Ayant beaucoup apprécié "le Royaume", le précédent livre de l'auteur, je me suis fait offrir ce recueil de textes qui venait de sortir. Clairement, il y a à boire et à manger ici (normal me direz-vous pour un recueil de textes épars, publiés sur 25 ans) ; mais de mon point de vue, l'auteur ne brille jamais autant que quand il s'attaque à un de ses sujets favoris, l'Europe de l'est et la Russie, dont il est, de toute évidence, un bon connaisseur et un bon passeur (on apprend d'ailleurs au détour d'un texte que sa mère est une historienne spécialiste du communisme russe).
E. carrère, tout comme dans certains passages du "Royaume", peut par contre énerver lorsqu'il s'aventure dans des récits plus intimes et subjectifs, où il brille plus par son égocentrisme que par son style et l'intérêt de ses propos (n'est pas Proust ou Rousseau qui veut!). Il est néanmoins appréciable de trouver, dans l'un des tous derniers textes du livre portant sur les récits de "non-fiction", une justification théorique a posteriori à la mise en avant de l'auteur lorsque celui-ci fait œuvre de journalisme, en opposition à l'illusion d'une objectivité totale, souvent aussi trompeuse que mensongère.

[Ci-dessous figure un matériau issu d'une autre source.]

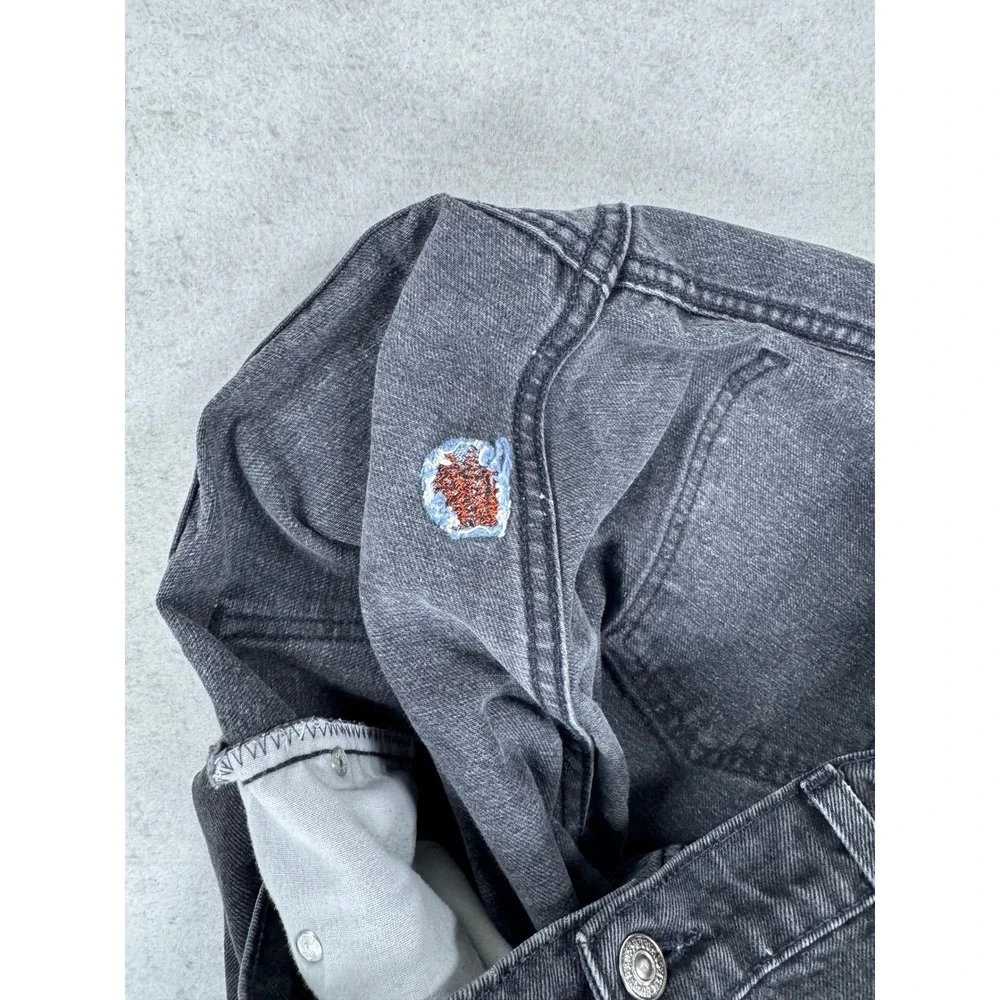 Vintage Levis 550 Orange Tab Relaxed Fit Black Jeans‎ Made in USA 40x30 Mens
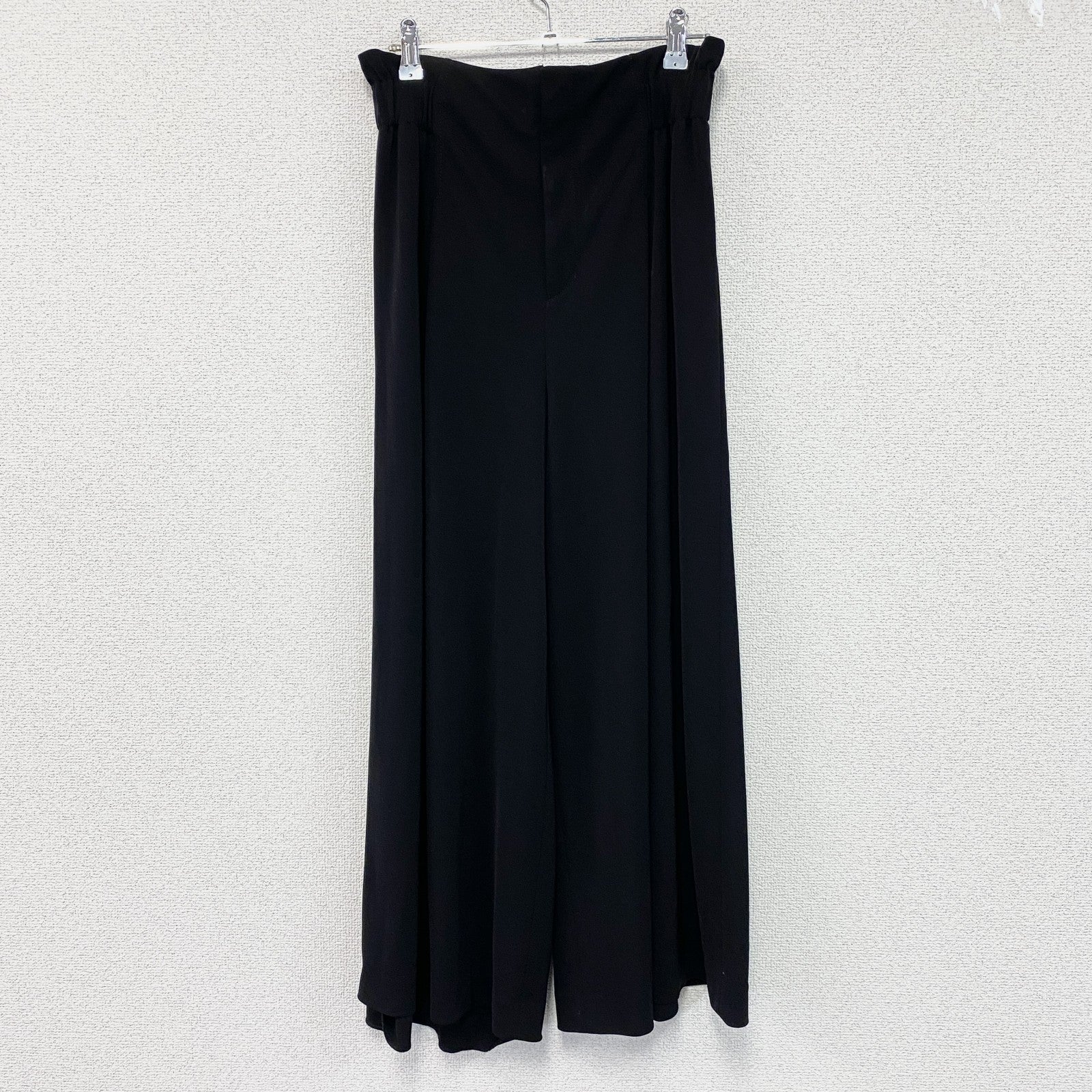 ADORE　アドーア　ドライジャージーワイドパンツ　黒　ブラック　38サイズ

Le livre fait également la part belle aux portraits d'écrivain qu'E. Carrère a pu rencontrer au cours de sa carrière. Il semble d'ailleurs, de manière générale, beaucoup plus intéressé par les écrivains en tant que personnes que par les livres que ceux-ci ont finalement pu écrire: les quelques critiques de livres en tant que telles sont finalement assez fades en comparaison de la verve que met Carrère à faire ressentir au lecteur l'intensité d'une relation qu'il a pu entretenir avec un créateur.
On passera sur des textes dispensables, tels que des écrits érotiques de l'auteur pour une revue italienne, qui n'ont su m'inspirer que de l'ennui, ou encore le récit d'une interview ratée de Catherine Deneuve sans aucun intérêt.
Une mention spéciale pour finir sur le dernier texte du recueil, portant sur l'auteur mystérieux d'un roman a priori culte des années 1960 (The Dice man) qui, traité sur le mode de l'enquête, donne véritablement envie - une fois n'est pas coutume - de se plonger soi-même dans l’œuvre.
Il me restera à me pencher, si j'en ai le loisir, sur le reste de l’œuvre du Monsieur, qui demeure une figure définitivement intéressante de la littérature française contemporaine.